Monday 24 June 2019

Prisoners at home

Kids (perhaps particularly boys?) who live in the country are particularly precocious when it comes to machinery. From an early age, at least at midterm break, they have been in the cab of Dad's JCB or tractor paying attention. When we were rebuilding our current gaff in 1996, the 10 y.o. son of the contractor would amuse himself, and polish his arm-eye coordination, by reversing his father's 4x4 and trailer round the corner and into our gateway . . . again and again, from both directions, up and down hill. Two years later, a construction flaw blocked our septic system and needed a JCB to dig out the pipework. The same chap, now 12, drove the JCB for 30km on the public road a) because he could b) because his dad was driving the 4x4.  All fine and good fun until something goes wrong and then damage is done and the father is reprimanded, fined, imprisoned - proportional to the damage.

At about the same time, our neighbour above left his 9 y.o. son in his jeep outside our gate while he was counting sheep. The chap decided "to help" by doing a 3 point turn so that the car was facing home.  He disappeared the near-side back wheel into the drain and couldn't get it out - small red face. Naturally his father, with 40 years more experience driving vehicles in adverse circumstances, was able to extricate his wheels without seeking outside help.

For 22 years we have been sharing the lane with that same super competent, fiercely independent, quite curmudgeonly farmer. Fiercely independent involves a certain amount of not listening to advice and not caring much about collateral damage as you go about fomenting cunning plans to turn a legal penny. I've written about how 5 tonnes of sewage sludge was delivered to the lane just downhill from our front gate rather in our neighbour's field just north of our garden.  You might think he'd learn from the trouble that caused. But no, the idea of free fertiliser sent a rush of blood to his head and last week he ordered ten! 20 tonne loads of  sludge to be delivered up our narrow, steep and poorly surfaced lane from the sewage farm that services Kilkenny City 40km away to the West.

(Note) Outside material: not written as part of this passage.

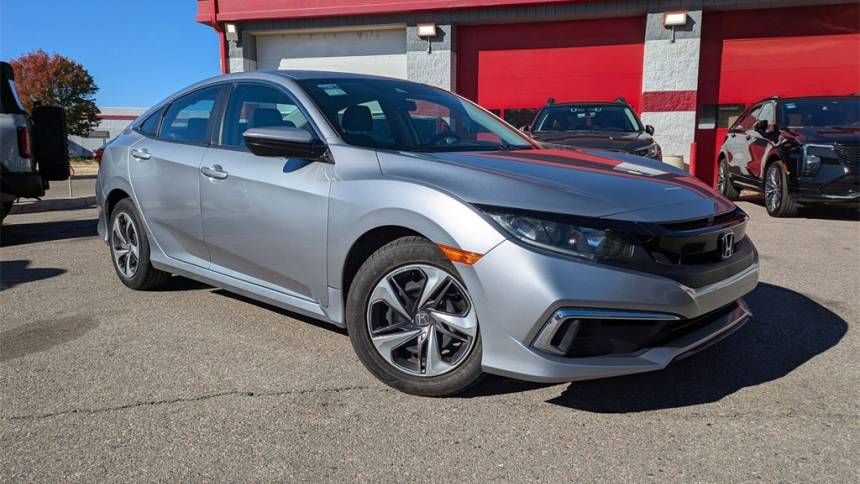 2020 honda civic lx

Fiercely independent doesn't ask permission or warn neighbours not to hang laundry for several days until the smell dissipates. Rather it causes a 20 y.o. fellow to be employed by a haulage company, which is under contract to Enva [was Veolia], which is under contract to Irish Water, which is under contract to Kilkenny CoCo, to pick up the first load of sludge and marry it to a set of GPS coordinates in the next county. 

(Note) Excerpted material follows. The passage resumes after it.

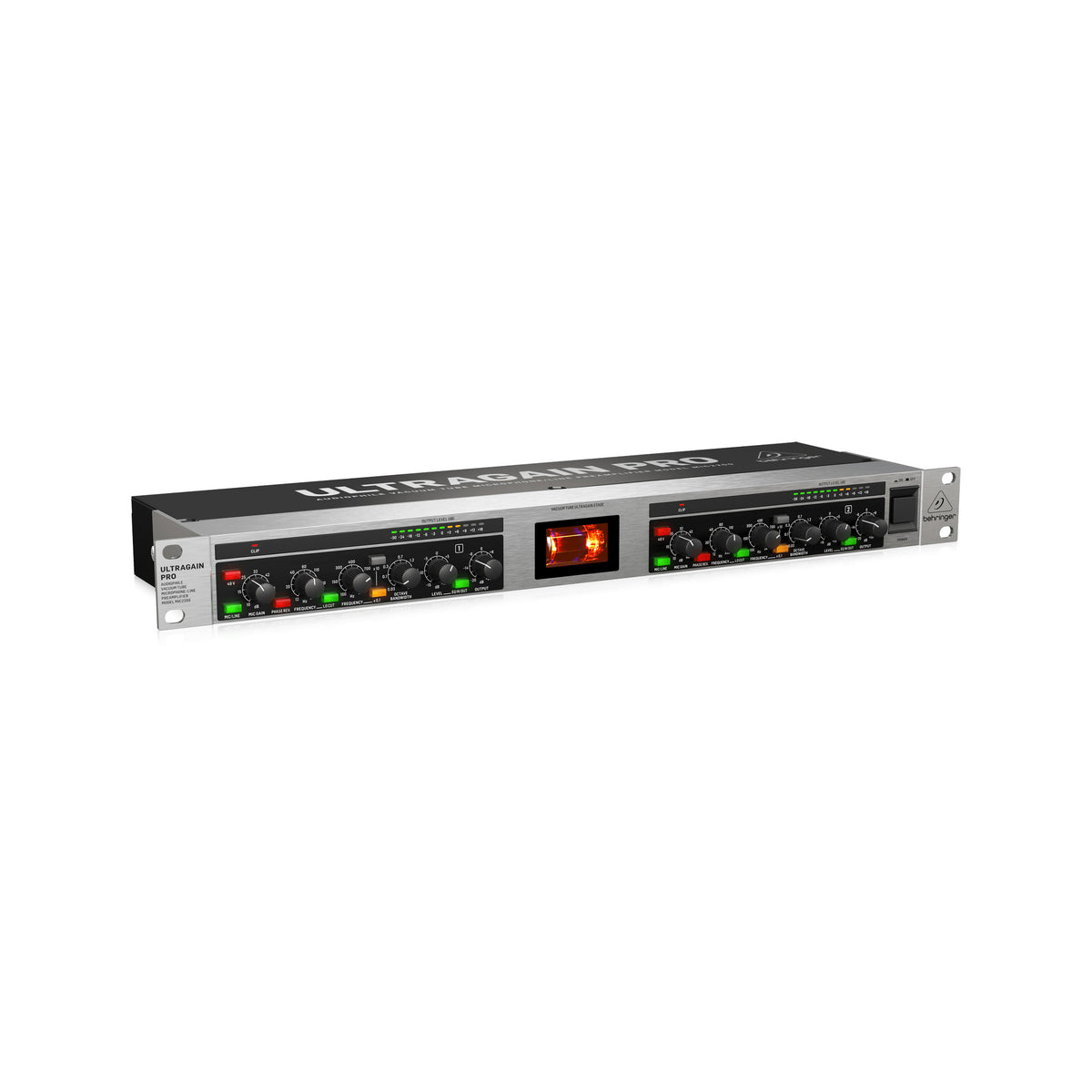 配信機器・PA機器・レコーディング機器 BEHRINGER MIC2200 TUBE MIC/LINE PREAMP. Behringer MIC2200 V2 2-channel Tube Microphone Preamp – Swee Lee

First we heard about this plan was a slllooowwwly approaching rig, grinding up the lane . . . and finally bogging where the pitch changes from 8% to 12% just above our house. The driver retreated, tried again in a different gear and bogs again; gouging an inconsistency in the lane's surface into a deeper and less negotiable pot-hole. I went out to talk (calmly - getting all shouty won't help) to him and suggest that he backs his rig into our gateway and take his shit back to Kilkenny. He demurs and elects to back all the way - 300m - down the lane [don't forget the slope] and turn at the bottom onto the county road. There is about 1m clearance but the lane is not arrow-straight and definitely not flat or solid as to surface. About halfway down he contrives to push one of the 3 back wheels of his tractor trailer into the drain and cannot deliver enough traction to get out again.

The immediate consequence (nobody hurt!) is that the lane is totally blocked and are trapped in our little piece of paradise for 6 hours. Meanwhile the chap; the chap's line manager; our farming neighbour above = the sewage contractee; our farming neighbour below who has been driving machinery for 50 years; and sundry others work out how to clear the obstruction without a) killing anybody b) doing further damage to property c) damaging machinery or spilling any sludge [been there, shovelled that]. The Final Solution brought in a loader from Kilkenny and a 3.2m wide tracked digger from Wexford to push-me-pull-you the sludge trailer out of the drain and off the lane. The tracked digger had to go across three fields and two small rivers to approach the sludge truck from above. It took nearly an hour for Sludge-boy just to reverse his rig round the corner and onto the county road . . . mainly because he wouldn't listen to the advice of at least 4 much older men who had a collective 100 years of experience in such matters.

When you're young you are ignorant, because you haven't been on the planet long enough to gain knowledge and experience. But when you won't heed advice and you lack to capacity to try a new way of doing things (albeit under pressure) then people around you will start  to think you are stupid . . . and a liability. Word is that the young fellow will be let go and have to seek another line of work.